TASK DETAILS
Everything below from the line with "Testimoni di Geova: torna" through the line with "Set of 4 VW" must be retyped exactly, except the pictures.

STUDY MATERIAL
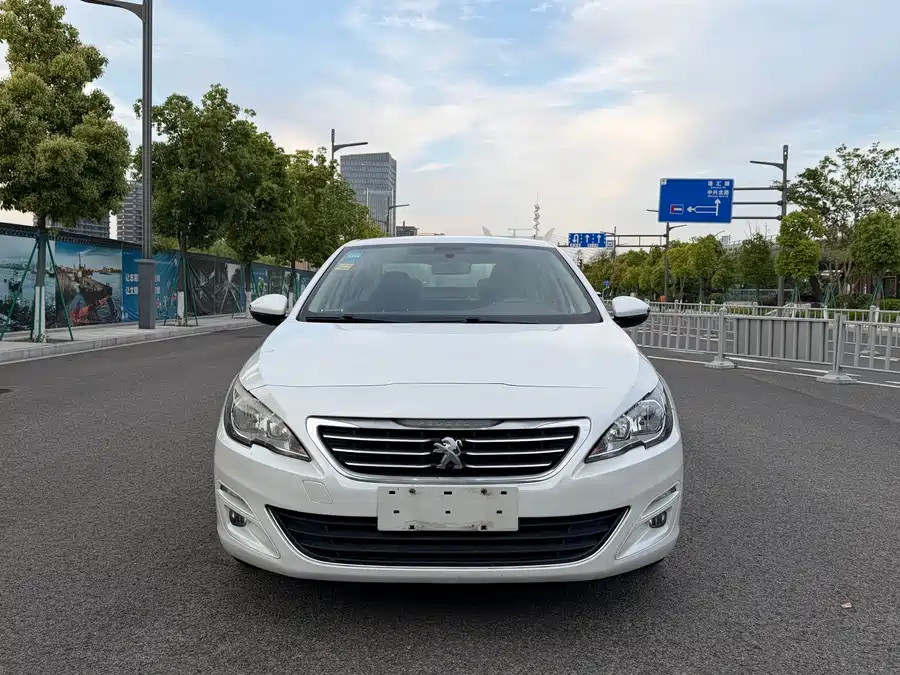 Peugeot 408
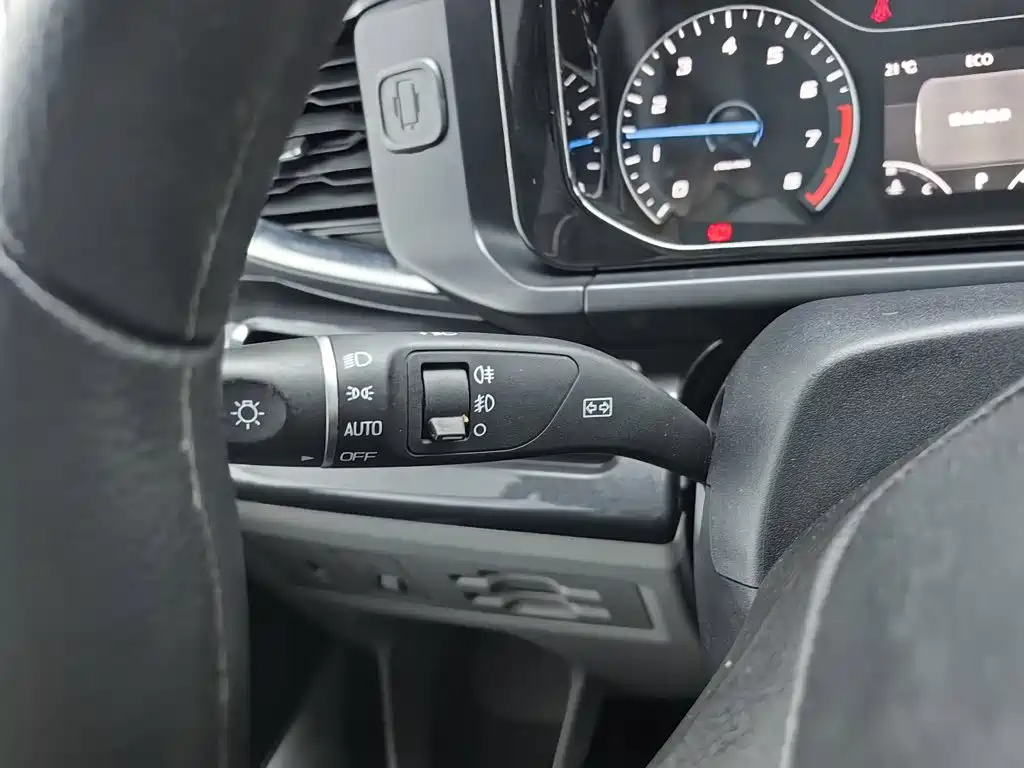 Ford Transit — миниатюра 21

* * *

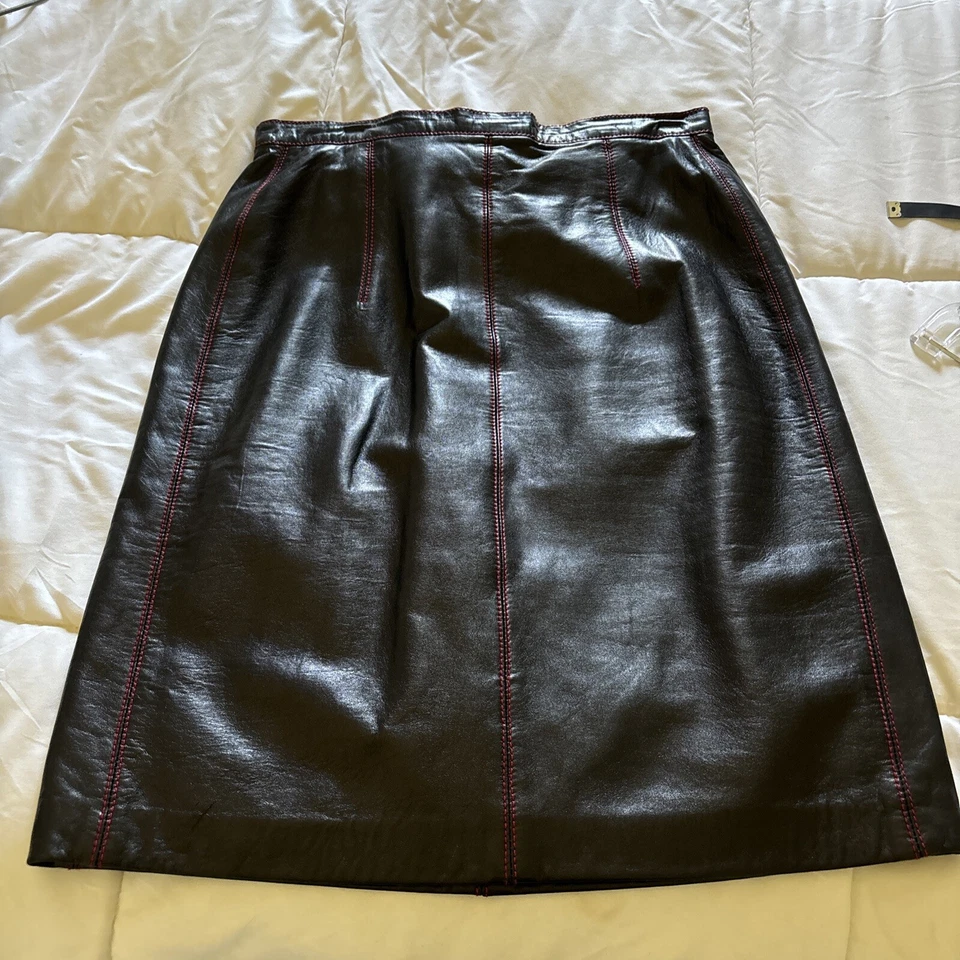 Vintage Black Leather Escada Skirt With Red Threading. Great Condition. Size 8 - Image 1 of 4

---

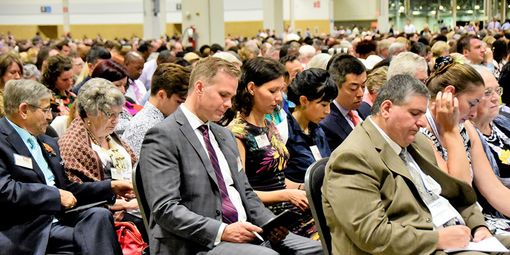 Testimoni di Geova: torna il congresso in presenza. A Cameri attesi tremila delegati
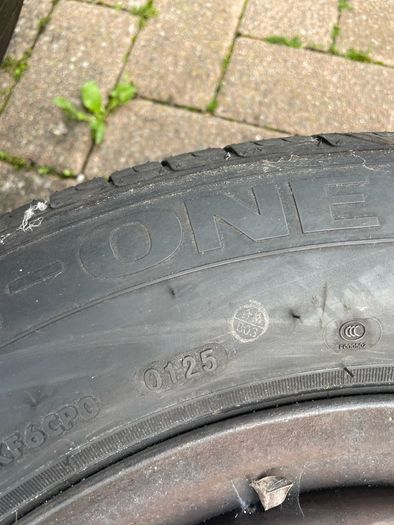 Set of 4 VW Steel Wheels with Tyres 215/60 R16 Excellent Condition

SOLUTION
 Testimoni di Geova: torna il congresso in presenza. A Cameri attesi tremila delegati
 Set of 4 VW Steel Wheels with Tyres 215/60 R16 Excellent Condition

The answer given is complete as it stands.